The agreement, signed April 19, accepts that Serbia — which does not recognize Kosovo’s independence, declared in 2008 — has a continued role in protecting the interests of Serbs in northern Kosovo. In effect, it divides Kosovo into an Albanian heartland with a Serbian appendage.
Far from overcoming ethnic and sectarian divisions, the deal validates the violent nationalistic agenda of a “greater Serbia” advanced by Slobodan Milosevic, who died in prison in 2006 while facing war crimes charges. It also encourages aspirations for a “greater Albania” among ethnic Albanians in Albania, Kosovo, Macedonia and Montenegro.
Grievances date to the era of Ottoman rule. They were suppressed under Communism, only to flare up after the breakup of Yugoslavia in 1991-2. While Western military intervention helped stop the slaughter of Bosnian Muslims in 1995 and of Kosovars in 1999, it has not resolved the Balkans’ political disagreements.

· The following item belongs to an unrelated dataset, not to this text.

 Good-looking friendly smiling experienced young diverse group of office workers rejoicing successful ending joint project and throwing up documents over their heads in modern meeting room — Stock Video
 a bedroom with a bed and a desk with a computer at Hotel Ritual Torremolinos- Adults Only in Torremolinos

The lure of European Union membership was supposed to overcome those enmities. Of the former Yugoslav republics, Slovenia joined first, in 2004. Croatia will join on July 1. But the others aren’t close to satisfying the terms of membership, even though Macedonia, Montenegro and Serbia are officially “candidates,” and Kosovo and Bosnia and Herzegovina are “potential candidates,” as is Albania.
As Turkey has learned well, some European nations just don’t want a majority-Muslim country in their club. Some also disparage the Balkans as bastions of fiscal instability and as havens for drug traffickers and criminal gangs.

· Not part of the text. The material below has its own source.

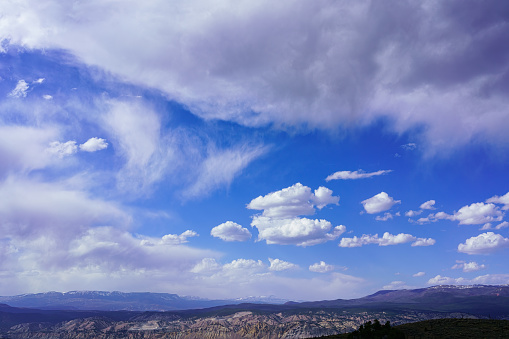 Flat Tops Colorado with Blue Sky and Clouds - Snowcapped mountains with large wide angle sky view.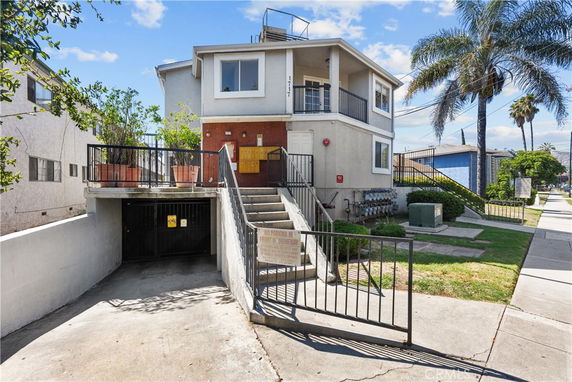 Front view of a two-story house with an entrance staircase and garage below.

There has been a renewal of unsubstantiated allegations, dating from the 1990s, that the Kosovo Liberation Army, including some current leaders of Kosovo, was involved in trafficking human organs. Last week in Pristina, the capital, a panel of European Union and Kosovo judges convicted a Pristina urologist and four other men of involvement in more recent organ trafficking.
So while the goal of a “Europe united and at peace” endures, Serbs and Kosovars have become cynical about their chances of admission. Hence the street protests that engulfed Belgrade and Pristina after last month’s deal was signed.
The West needs a fresh approach for the Balkans, an arrangement somewhere between partition into monoethnic mini-states and a continentwide superstate.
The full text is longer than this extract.